Res-CR-Net combines two types of residual blocks:

CONV RES BLOCK. The traditional U-Net backbone architecture, with its the encoder-decoder paradigm, is replaced by a series of modified residual blocks, each consisting of three parallel branches of separable + atrous convolutions with different dilation rates, that produce feature maps with the same spatial dimensions as the original image. The rationale for using multiple-scale layers is to extract object features at various receptive field scales. Res-CR-Net offers the option of concatenating or adding the parallel branches inside the residual block before adding them to the shortcut connection. In our test, concatenation produced the best result. A Spatial Dropout layer follows each residual block. A slightly modified STEM block processes the initial input to the network. n CONV RES BLOCKS can be concatenated.

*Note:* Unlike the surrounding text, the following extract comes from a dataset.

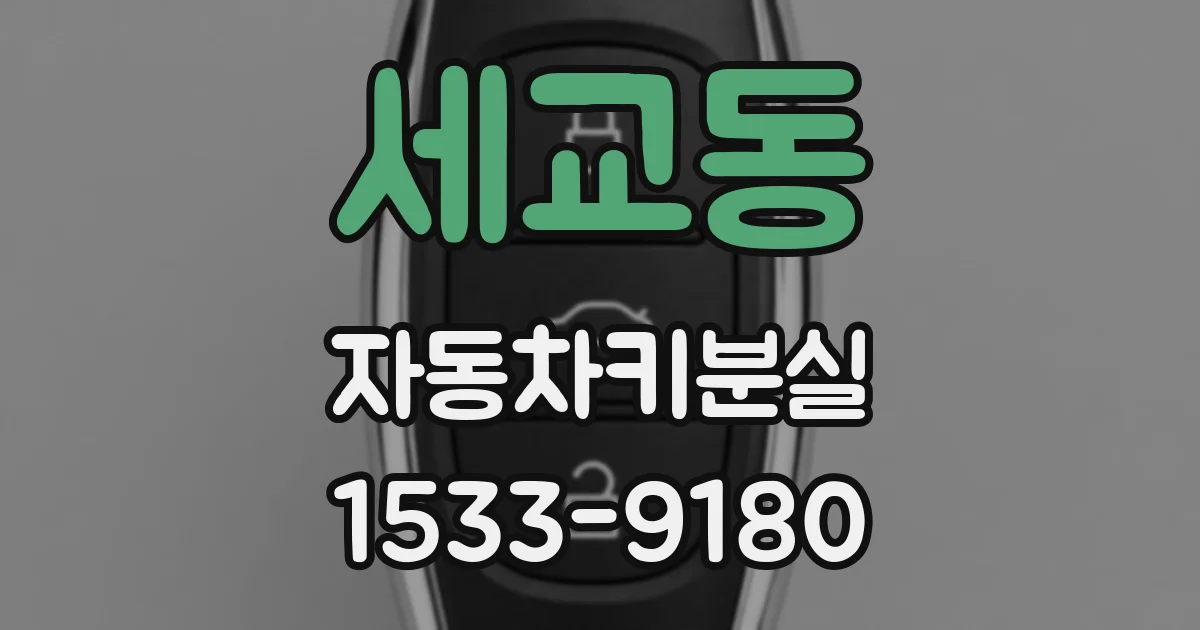 세교동 자동차키분실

LSTM RES BLOCK. A new type of residual block features a residual path with two orthogonal bidirectional 2D convolutional Long Short Term Memory (LSTM) layers. For this purpose, the feature map 4D tensor emerging from the previous layer first undergoes a virtual dimension expansion to 5D tensor (i.e. from [4,260,400,3] [batch size, rows, columns, number of classes] to [4,260,400,3,1]). In this case the 2D LSTM layer treats 260 consecutive tensor slices of dimensions [400,3,1] as the input data at each iteration. Each slice is convolved with a single filter of kernel size [3,3] with ‘same’ padding, and returns a slice of the exact same dimension. In one-direction mode the LSTM layer returns a tensor of dimensions [4,260,400,3,1]. In bidirectional mode it returns a tensor of dimensions [4,260,400,3,2]. The intuition behind using a convolutional LSTM layer for this operation lies in the fact that adjacent image rows share most features, and image objects often contain some level of symmetry that can be properly memorized in the LSTM unit. Since the same intuition applies also to image columns, the expanded feature map of dimensions [4,260,400,3,1] from the earlier part of the network is transposed in the 2nd and 3rd dimension to a tensor of dimensions [4,400,260,3,1]. In this case the LSTM layer processes 400 consecutive tensor slices of dimensions 260,3,1 as the input data at each iteration, returning a tensor of dimensions [4,400,260,3,2] which is transposed again to [4,400,260,3,2]. The two LSTM output tensors are then added and the final dimension is collapsed by summing its elements, leading to a final tensor of dimensions [4,260,400,3] which is added to the shortcut path. m LSTM RES BLOCKS can be concatenated.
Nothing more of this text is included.